2) Non gareggiamo mai soli, ma possiamo allenare solo noi stessi. Anche quando ci alleniamo per arrivare primi. Mamma che rabbia a pensarci! Ho realizzato chiaramente questa cosa un anno fa, ero all’Ecomaratona del Chianti e il già citato amico, Enrico, allenato da Gabriele, mio compagno e allenatore, era lì a caccia del podio. Che poi questo è quello che si dice prima, magari anche toccandosi, la verità è che si era proprio preparato un’intera stagione per arrivare primo. Io non sono propriamente del mestiere, ma ho capito in soldoni che per mettere a punto un obiettivo del genere si analizzano i tempi delle precedenti edizioni, ci si accerta che quei tempi siano alla portata dell’atleta e poi ci si butta a capofitto nell’allenamento, dopo aver ben programmato la linea del tempo.
Può capitare ovvio, e appunto capitò un anno fa, che l’atleta riesca a migliorare il suo personale tanto da abbattere di diversi minuti anche il miglior tempo dell’edizione precedente e capita che, ahimè, quell’anno ci sia un professionista catapultatosi da qualche paese non meglio identificato per fare 2 minuti in meno di Enrico, che aveva fatto diversi minuti in meno del miglior tempo dell’anno prima.
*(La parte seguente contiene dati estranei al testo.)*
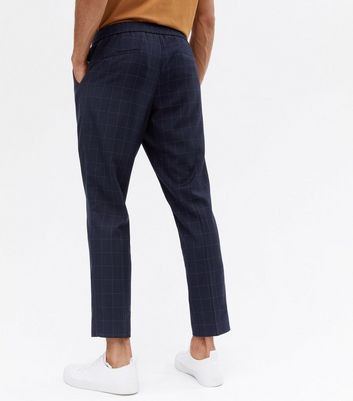 Slim Fit Cropped trousers - Dark grey/Checked - Men | H&M IN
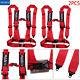 1 Pair RED 4 Point 3 Racing Style Harness Belt 4PT Camlock Quick Release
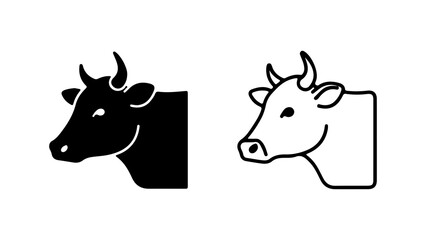 Cow head outline and solid with transparent background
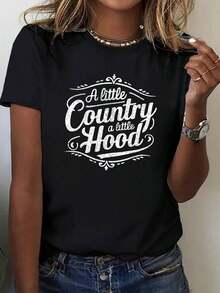 Pure Cotton Country Hood T-Shirt For Women, Unisex T-Shirt For Men And Women, Soft Cotton Loose Fit T-Shirt, Comfortable Unisex Clothing, Perfect Gift For All Seasons - 黑色 - 查看 1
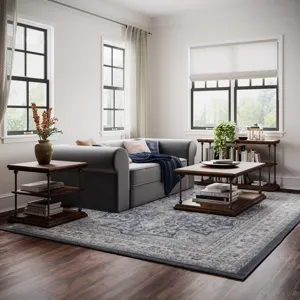 Larson Modern Industrial 50\" Solid Wood Coffee Table With Storage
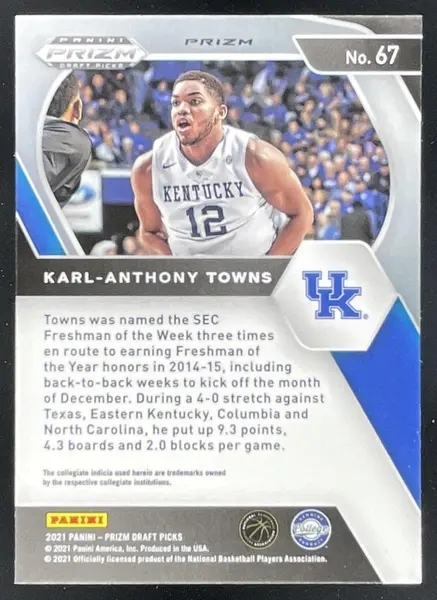 2021-22 Panini Prizm Draft Picks White Sparkle Prizm SSP #67 Karl-Anthony Towns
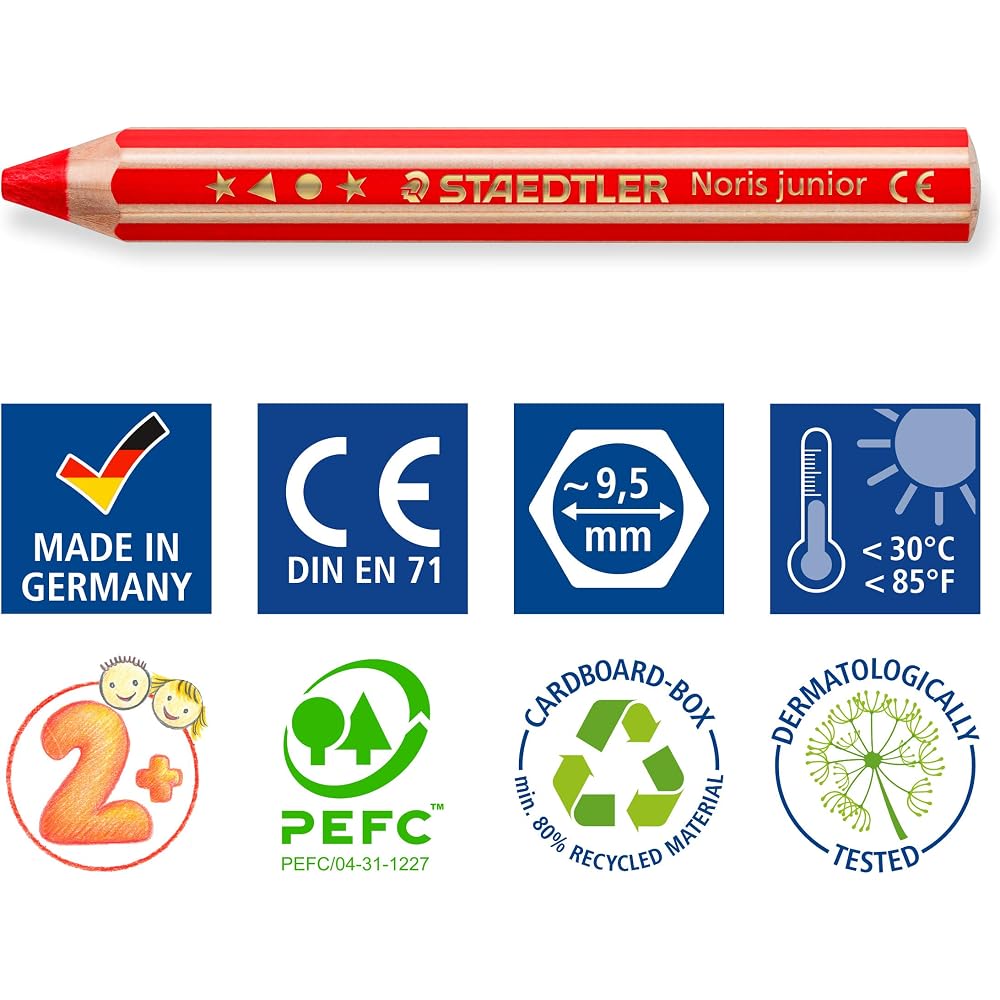 Staedtler Colored Pencils, Blue, 6 Pcs, Norris Junior Watercolor Pencils, Thick Shaft, 140-3*6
Ergo… Enrico secondo. Perché tu puoi andare fortissimo, ma se c’è uno che va più forte di te tu stai dietro. “E non c’è un caxxo da fare”, arrivi secondo. Enrico aveva un grande sorriso e ce l’aveva anche quest’anno che è successa la stessa cosa, anche se questa volta era un atleta albanese ad essersi fatto la gita in Toscana per firmare il destino. Non sapeva certo che più che il suo firmava quello di qualcun altro, quello di un ragazzo nato per correre sugli appenini reggiani. Ma sappiamo che il destino, come la fortuna, non esiste. E sappiamo che Enrico, come ogni vero atleta, lavora per superare sé stesso, dare sempre di più, alzare la propria asticella, e bla, bla, bla…. Però io, che non c’entro nulla, e che ero solo lì nel Chianti, e sul Ventasso (perché c’è anche la puntata “Secondo al Ventasso” ma ne parleremo magari un’altra volta), io, che di sponda lo seguo allenarsi e allenarsi, mangiare correttamente, metterci anima e corpo, e vedo i suoi occhi alla partenza e poi all’arrivo, beh io, se alla prossima gara c’è qualche marziano catapultato da chissà dove per stargli davanti, dovrò frenarmi dal compiere inconsulti gesti antisportivi!
Ma il posto giusto nello sport può essere il secondo quindi? No, certamente no, ma credo che la condizione del secondo sia la vera condizione utile. Quella di chi non si sente arrivato e vede sempre le spalle di qualcuno davanti da superare. Solo che non sono quelle di un avversario, ma quelle di sé stesso, com’era prima. Così dovremmo allenarci, così dovremo gareggiare. Così dovremmo soprattutto vivere.